Evet, her milletin öne çıkan özellikleri vardır. Yahudi parasıyla, Ermeni sanatıyla, Alman disipliniyle meşhurdur.
Türkler de savaşçılığıyla, gözü karalığıyla meşhur bir millet. Bu askerlik becerisiyle, gözü karalıkla yeri gelmiş imparatorluklar kurmuş, yeri gelmiş talana gitmiş, yeri gelmiş korsanlığa çıkmış.

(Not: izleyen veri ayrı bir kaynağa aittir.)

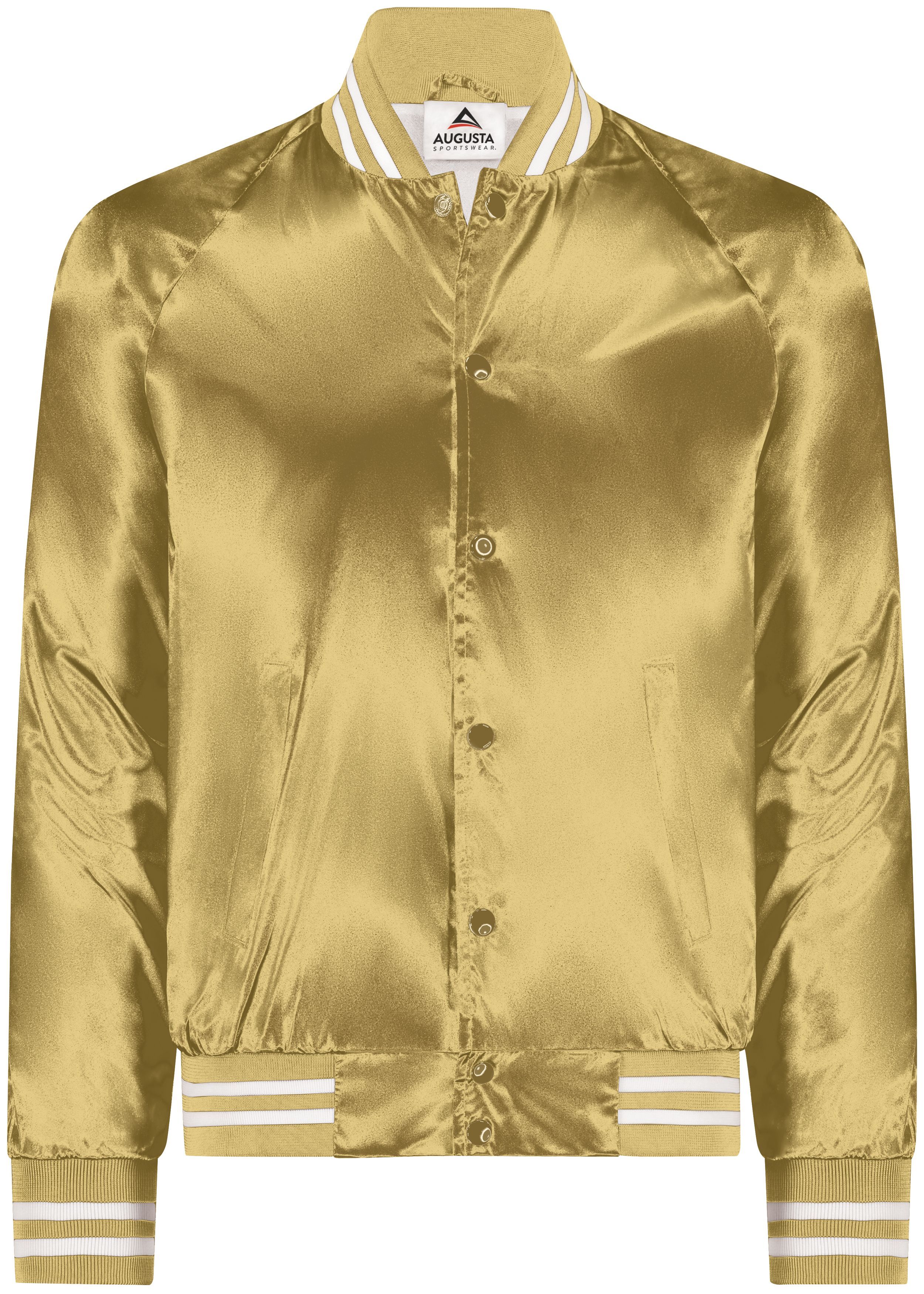 Augusta Sportswear Satin Baseball Jacket in Metallic Gold/White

1.000 yıldır Anadolu’da olan Türkler bu toprakları kılıçla kazandı ve tüm saldırılarda kendini kılıçla savundu. Daha çocuk yaşta at binmeyi, silah kullanmayı öğrenen, bu becerileri yıllarca geliştiren bir toplumdan bahsediyoruz.
Ancak acı gerçek şu ki, son yüzyılda Türkler kadar silahından uzaklaştırılan başka bir millet yok. Her erkeğin mecburen askere gidip sadece üç mermi sıkıp evine dönmesi, silah eğitimi namına hiçbir şey öğrenememesi normal mi? Oysa 15 ayda en koca götlü adamı bile çivi gibi komando yapabilirsiniz.

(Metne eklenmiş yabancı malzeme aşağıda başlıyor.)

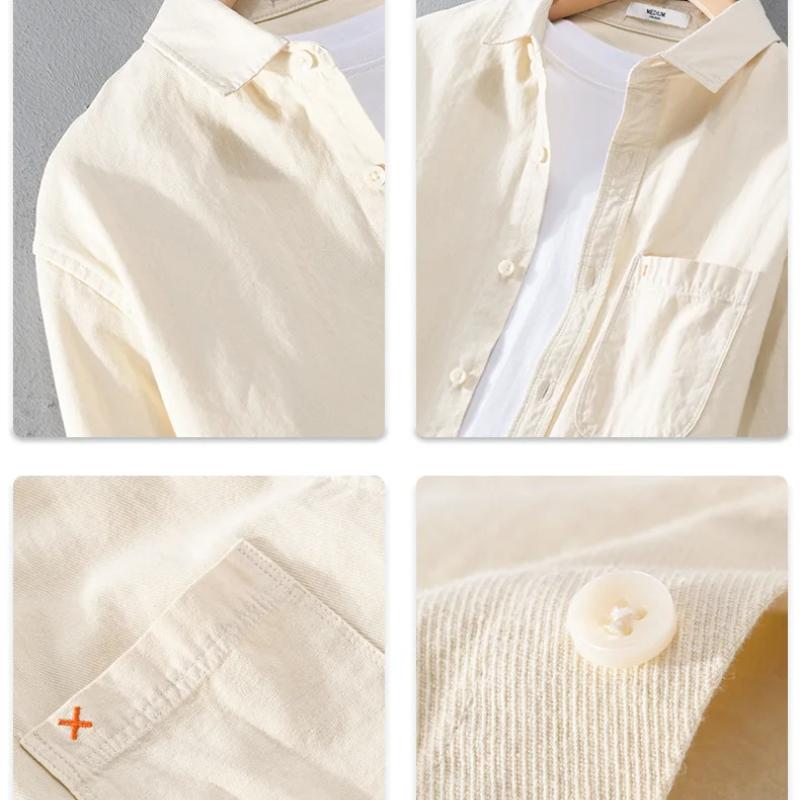 Мужская рубашка с длинным рукавом Simple Style 4XL, повседневные топы с воротником-лацканами из 100 хлопка, универсальная приталенная рубашка однотонного цвета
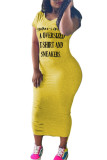 Yellow Fashion pastoral Black Grey Blue Yellow Wine Red Cap Sleeve Short Sleeves O neck Step Skirt Mid-Calf Print Dresses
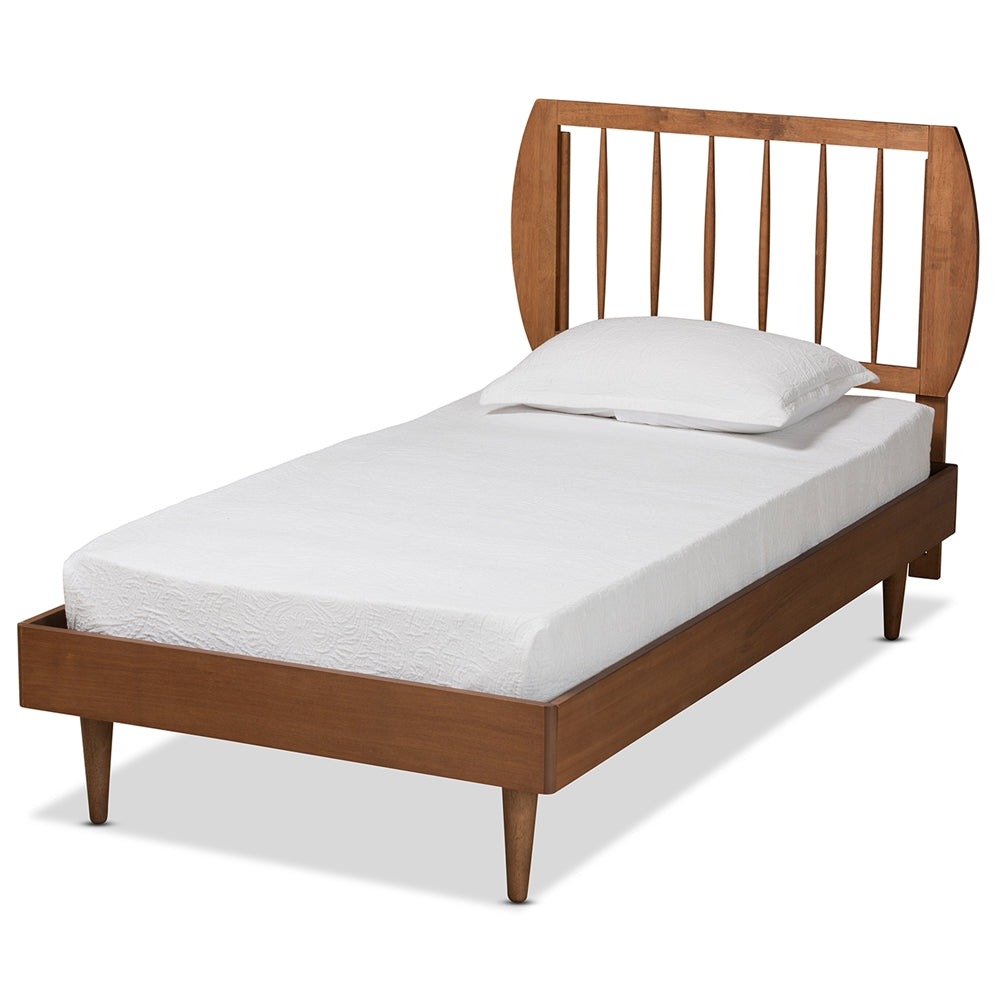 Baxton Studio Chiyo Mid-Century Modern Transitional Finished Wood Platform Bed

Sivil hayatta da silahtan zorla uzaklaştırıldık. Silah seven, kullanmayı bilen, kendini geliştirmeye çalışanlara halk maganda, devlet terörist gözüyle baktı. Ne taktik atıcılık gelişti memlekette, ne ilk yardım, ne de sivil savunma.
Silah ruhsatı saçma sapan kanunlarla verildi. Oturduğu gecekondunun yerine apartman diken sığırlar müteahhit ayağına taşıma ruhsatı alabilirken, her türlü eğitimini tamamlamış donanımlı bireyler ancak bulundurma alabildiler ki bulundurma ruhsatı kadar saçma bir şey yok.
Silah eğitimi bile yasak bu ülkede. Silah Türk’ün eli, kolu, uzvu gibidir. Önce bu uzuv koparıldı, sonra da medya aracılığıyla bu uzvun aslında çok gereksiz ve tehlikeli olduğuna inandırıldık.
Ben bu duruma kasıtlı getirildiğimizi düşünüyorum. Çevremizdeki bütün ülkelerde sivil savunma çatır çatır gelişirken, atıcılık yarışmaları düzenlenirken biz aval aval bakıyoruz.
Anlamadan, hissetmeden zayıfladık, farkında bile değiliz.